### What this task involves
Repeat the listing below verbatim, without its images.

Top of Exercise data

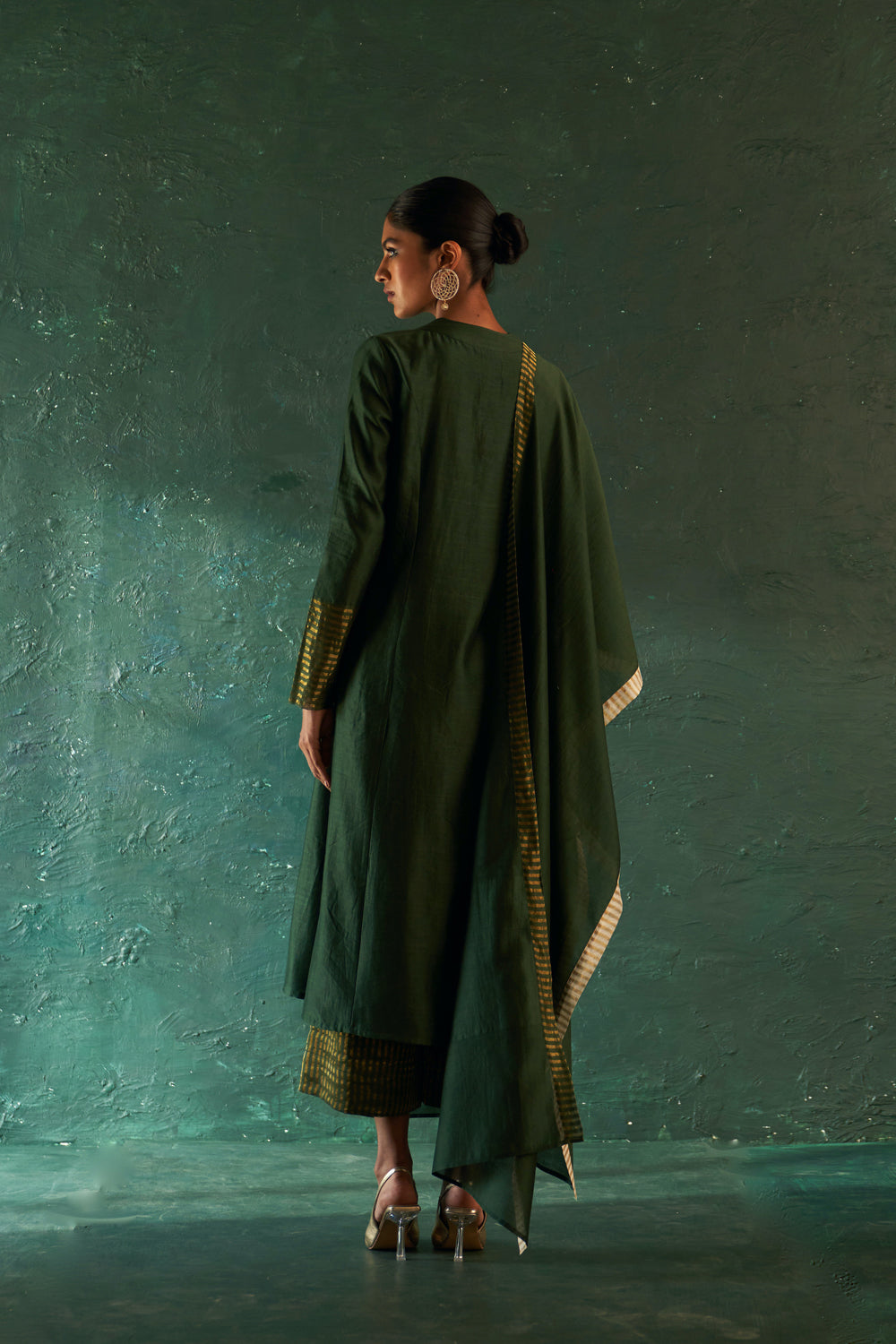 Midas Deep Green Chanderi Kurta - Set Of 3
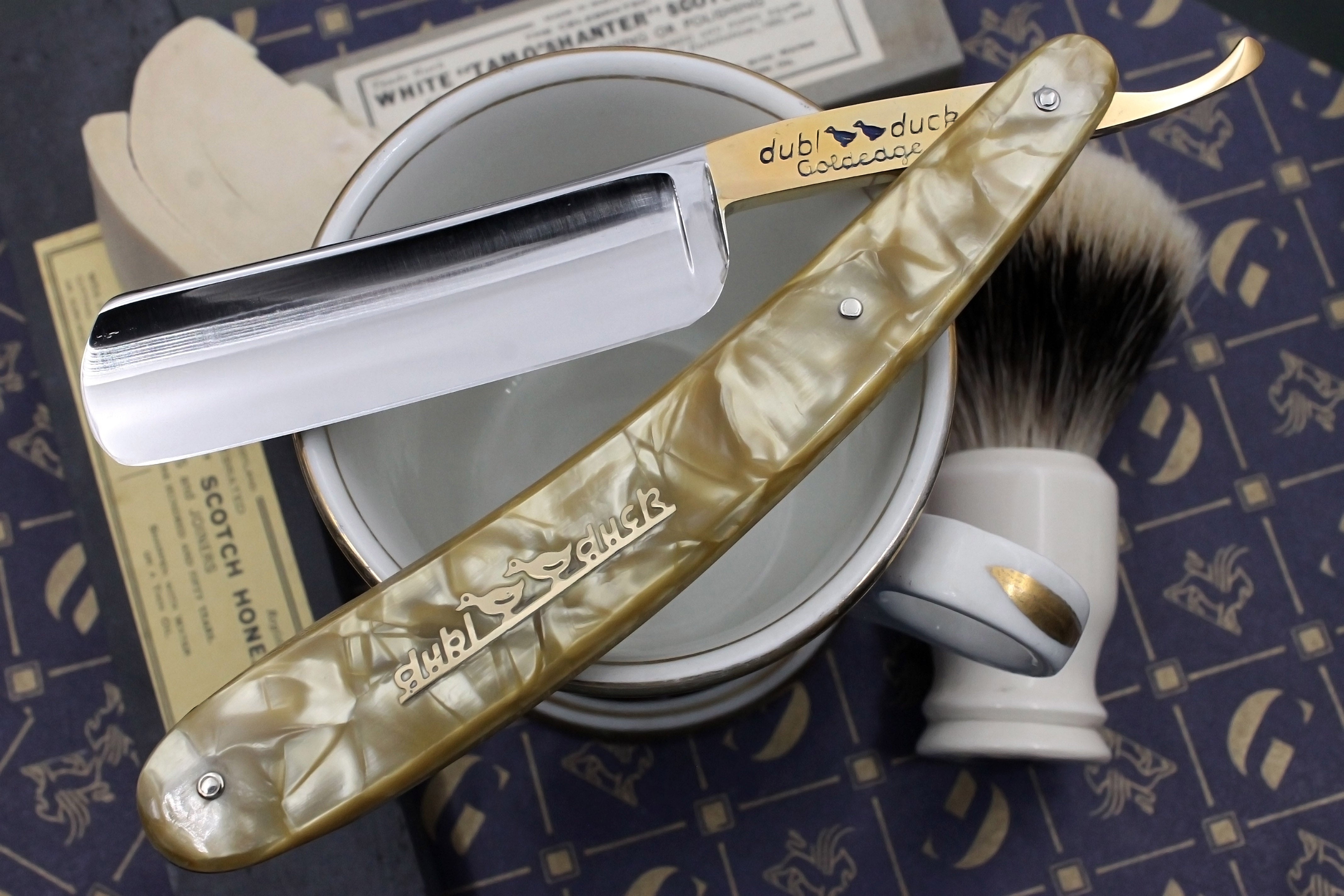 Dubl Duck Goldedge 7/8 Blade Cracked Ice Scales - Fully Restored Vintage Solingen Straight Razor - Shave Ready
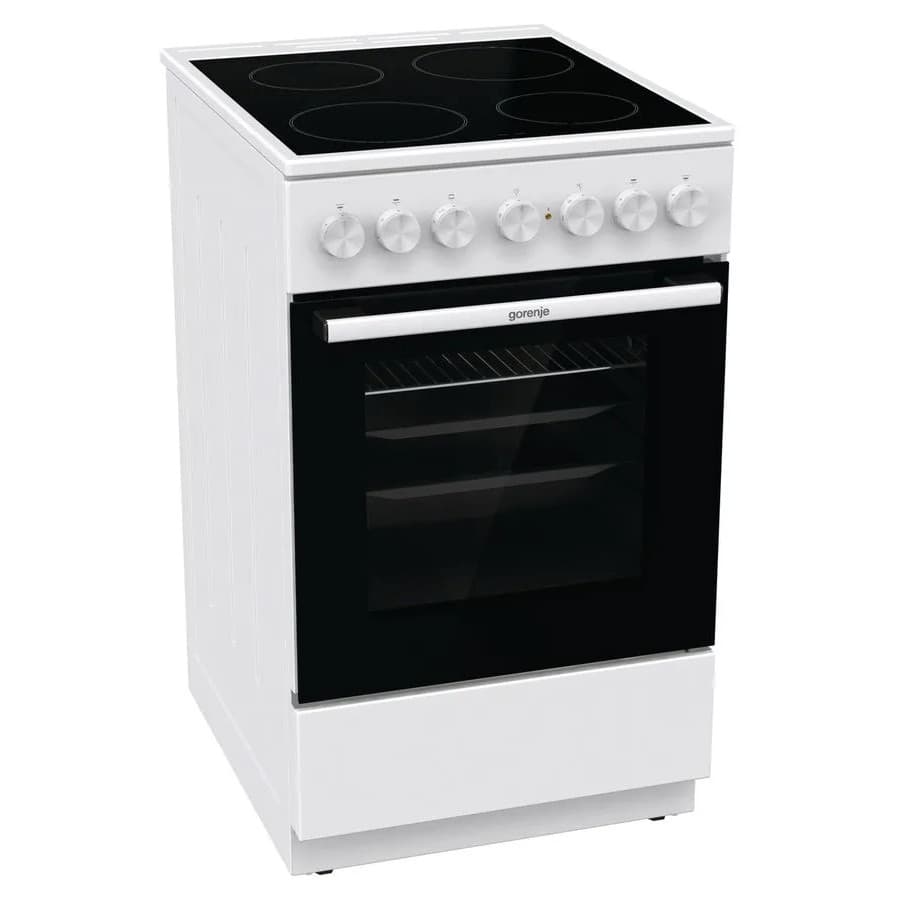 Электрическая плита Gorenje GEC5B41WG, стеклокерамика, без крышки, белый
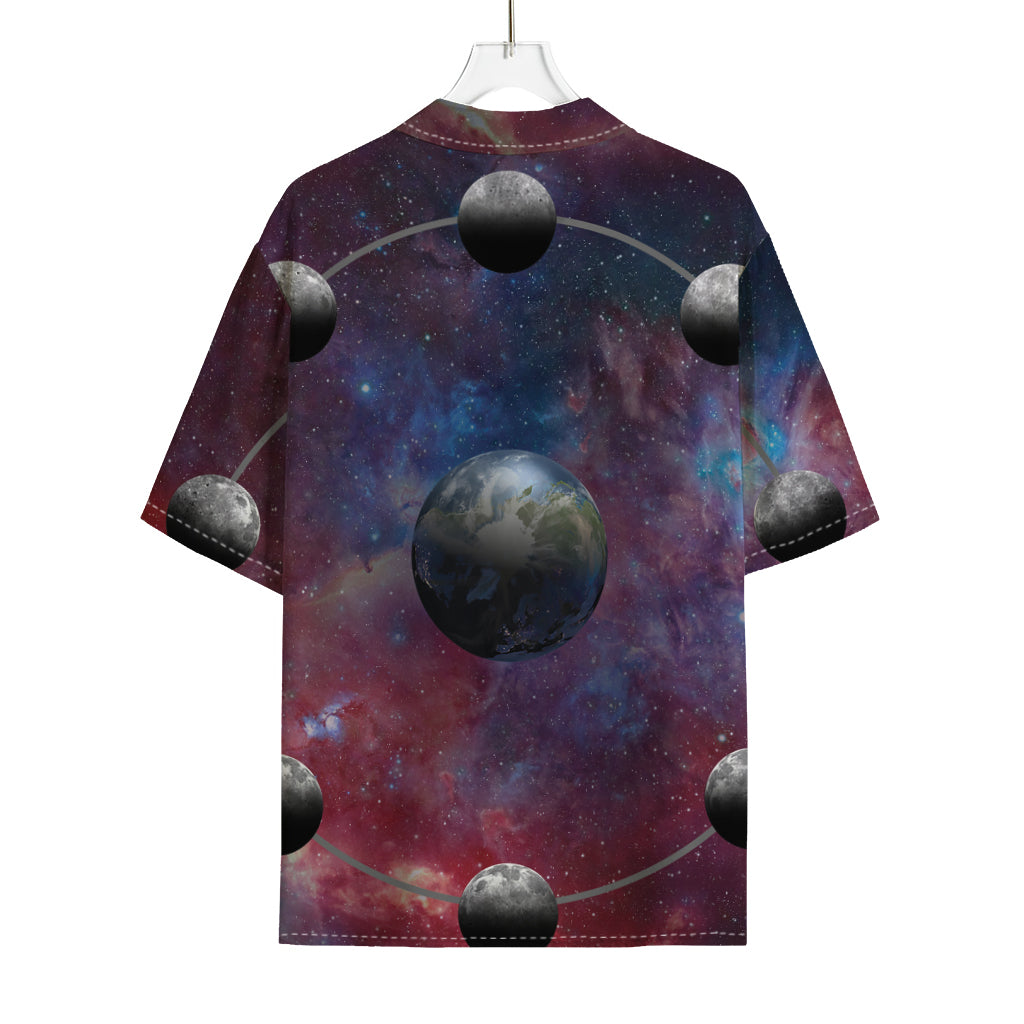 Galaxy Lunar Phase Print Rayon Hawaiian Shirt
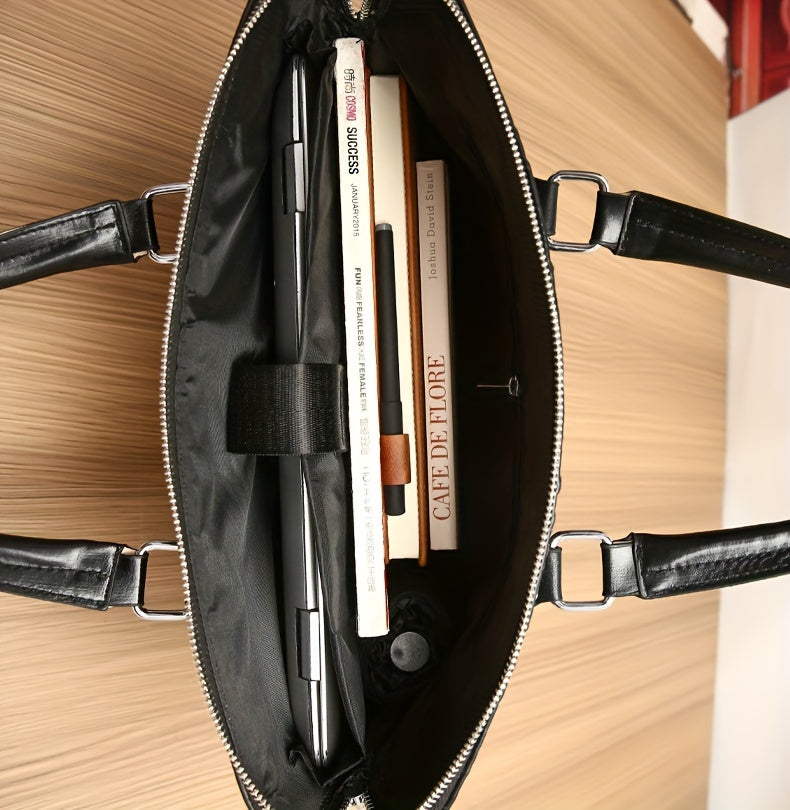 Men's Crocodile Pattern Briefcase - Stylish Business & Commuter Bag with Laptop Compartment, Adjustable Shoulder Strap, and Zipper Closure, Black, Laptop Carrying Case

Bottom of Exercise data

### Exercise response
 Midas Deep Green Chanderi Kurta - Set Of 3
 Dubl Duck Goldedge 7/8 Blade Cracked Ice Scales - Fully Restored Vintage Solingen Straight Razor - Shave Ready
 Электрическая плита Gorenje GEC5B41WG, стеклокерамика, без крышки, белый
 Galaxy Lunar Phase Print Rayon Hawaiian Shirt
 Men's Crocodile Pattern Briefcase - Stylish Business & Commuter Bag with Laptop Compartment, Adjustable Shoulder Strap, and Zipper Closure, Black, Laptop Carrying Case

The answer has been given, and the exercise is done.